I don't understand why they're taking that decision away from me. They could just enable auto update by default so most users would always be up-to-date unless they have a reason for disabling it. There are some good reasons other than money as well, such as privacy and security. I don't want my computer updated in any shape or form when I'm on an airport or in an authoritarian country for instance.

I don't know whether a Chrome update is dwarfed by regular browsing. The link you posted shows the size of one particular diff update they did. That's a completely worthless measure. The worst case, no doubt, is that everything has to be replaced and that would be 10MB.

[darren_]

Security-wise I'd be very surprised if Chrome updates weren't signed; MITMing of auto-updates isn't exactly new (see EvilGrade). So I doubt it's an issue there.

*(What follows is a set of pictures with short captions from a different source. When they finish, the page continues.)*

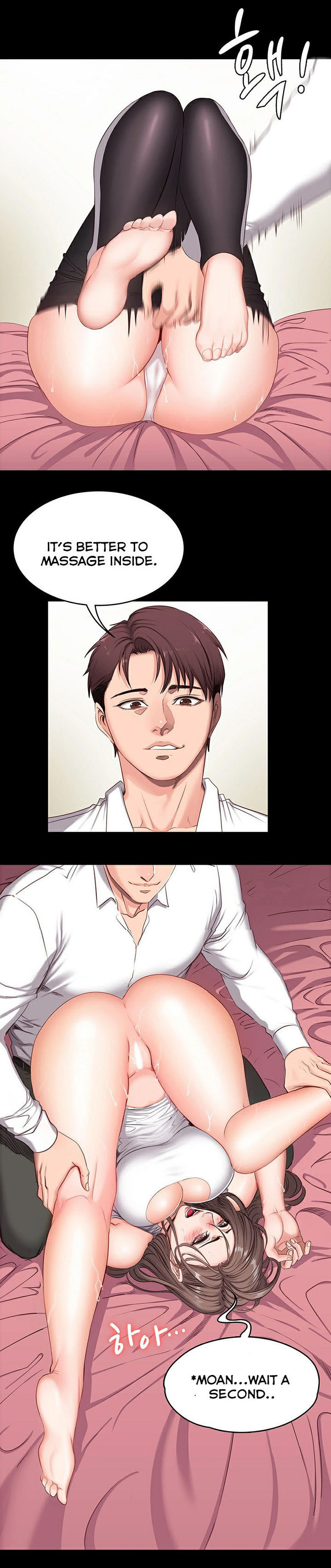 Busige Fitnessstudio-Chefin trainiert und fickt Mädchen - Image 33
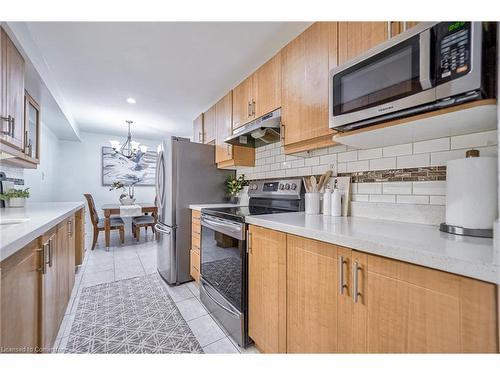 20 Scarfair Pathway, Toronto, ON - Indoor Photo Showing Kitchen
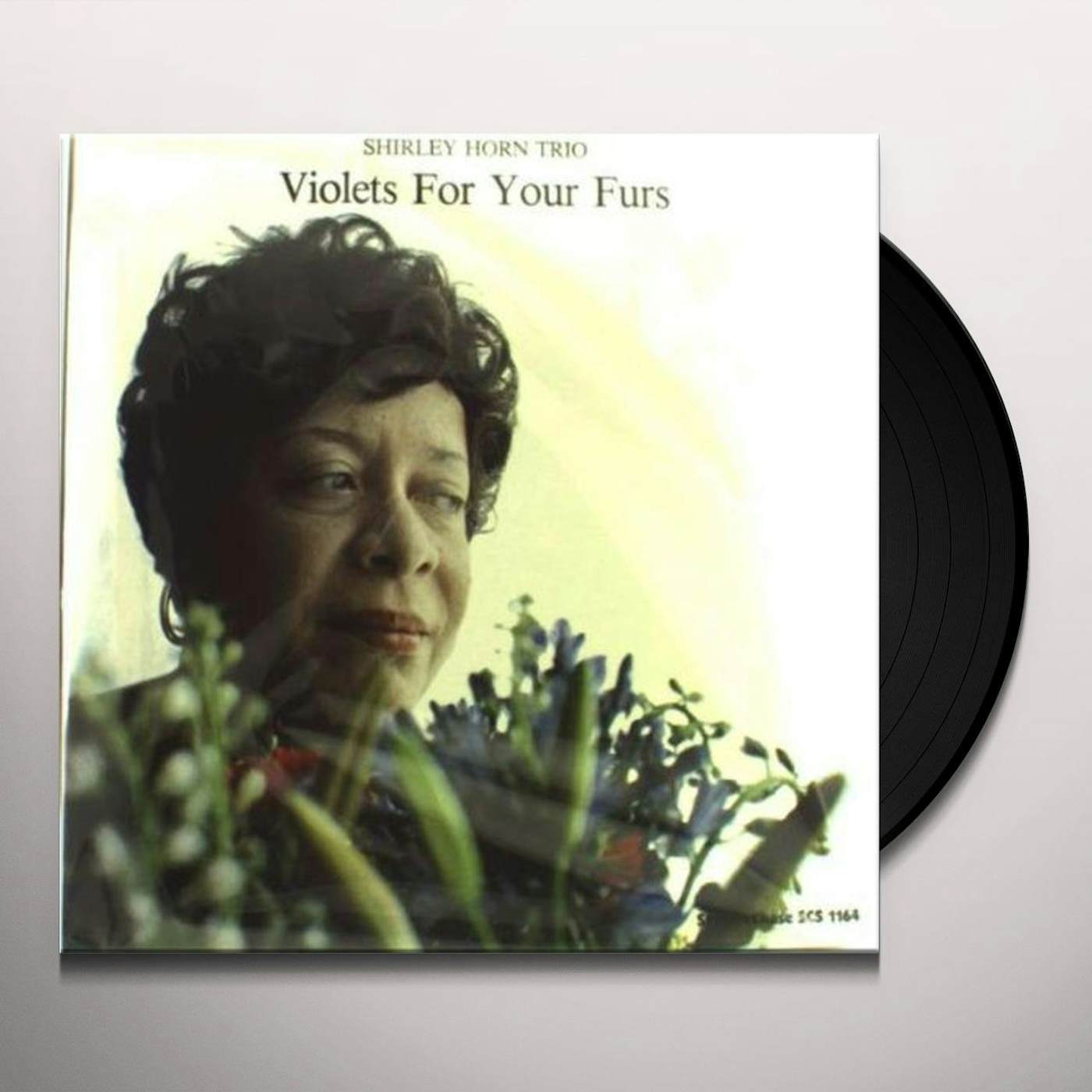Shirley Horn VIOLETS FOR YOUR FURS-180 GRAM Vinyl Record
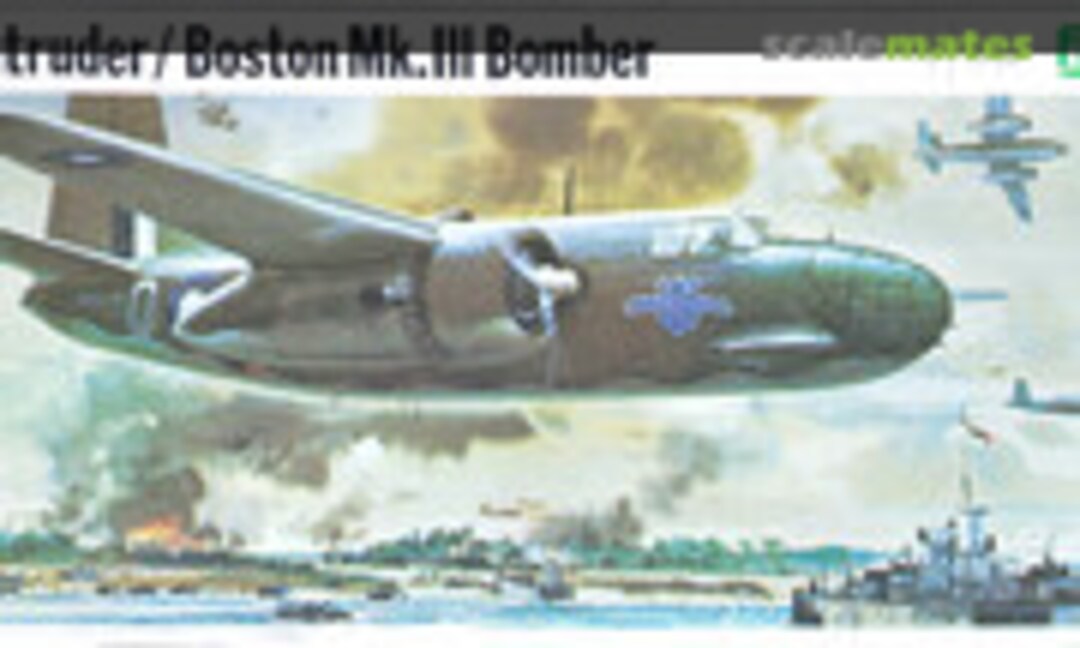 1:72 Havoc Intruder / Boston Mk.III Bomber (FROG F208)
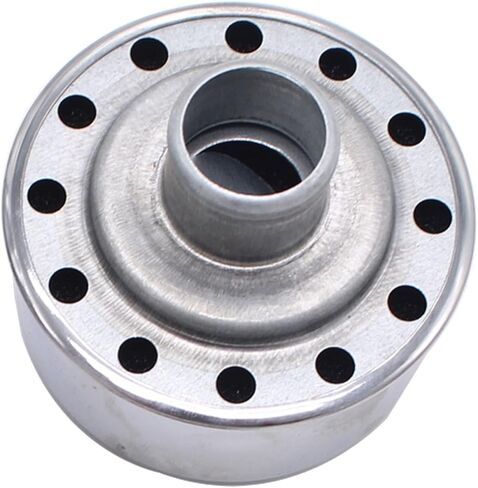Chrome Valve Cover Breather Caps Push-In fits for Chevy Pontiac Olds Ford Mopar Chrysler in Kuwait
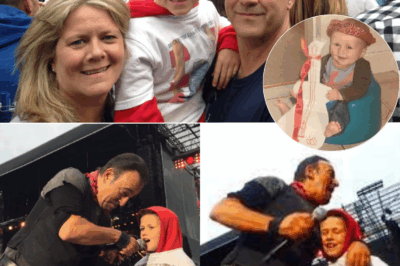 From Fan to Stage Star: The Unforgettable Day 9-Year-Old Haydn Sang With Bruce Springsteen in Front of 40,000 Fans!”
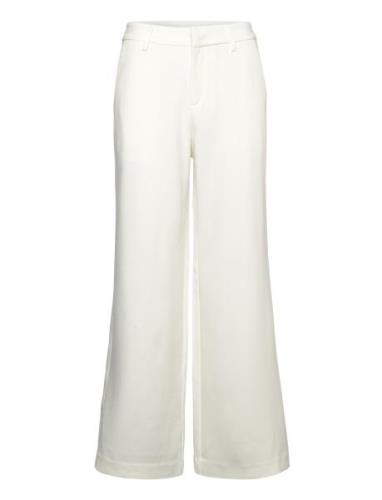 Cucenette Wide Pants Culture White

That said, I agree that there should be an option (not a prominent one) to switch it off.

[wazoox]

Fortunately, the auto-update feature doesn't work on my Linux machines.

[russss]

Chrome's auto-update feature on Debian-based distributions at least consists of it installing its apt repository in your sources.list. Which is fine by me.

[jan_g]

Same here. Everything is managed via Synaptic update manager and Chrome gets updated only after I hit the button 'Install updates'.

[DennisP]

Then why is my Chrome still on version 3?

[bostonvaulter2]

If you switch to linux it won't auto-update.